Directions: Set down exactly the lines from the one containing "403 Commonwealth Avenue, Warwick, RI 02886" through the last line of the records below, both included, and nothing else.

Dataset:
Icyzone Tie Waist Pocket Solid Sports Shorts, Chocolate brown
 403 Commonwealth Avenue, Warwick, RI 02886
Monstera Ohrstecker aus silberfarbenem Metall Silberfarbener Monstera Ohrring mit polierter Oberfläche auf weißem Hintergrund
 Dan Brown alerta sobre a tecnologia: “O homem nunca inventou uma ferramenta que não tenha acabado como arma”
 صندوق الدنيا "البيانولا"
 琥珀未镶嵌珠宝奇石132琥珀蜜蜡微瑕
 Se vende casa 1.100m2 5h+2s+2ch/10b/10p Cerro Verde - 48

Problem solution:
 403 Commonwealth Avenue, Warwick, RI 02886
Monstera Ohrstecker aus silberfarbenem Metall Silberfarbener Monstera Ohrring mit polierter Oberfläche auf weißem Hintergrund
 Dan Brown alerta sobre a tecnologia: “O homem nunca inventou uma ferramenta que não tenha acabado como arma”
 صندوق الدنيا "البيانولا"
 琥珀未镶嵌珠宝奇石132琥珀蜜蜡微瑕
 Se vende casa 1.100m2 5h+2s+2ch/10b/10p Cerro Verde - 48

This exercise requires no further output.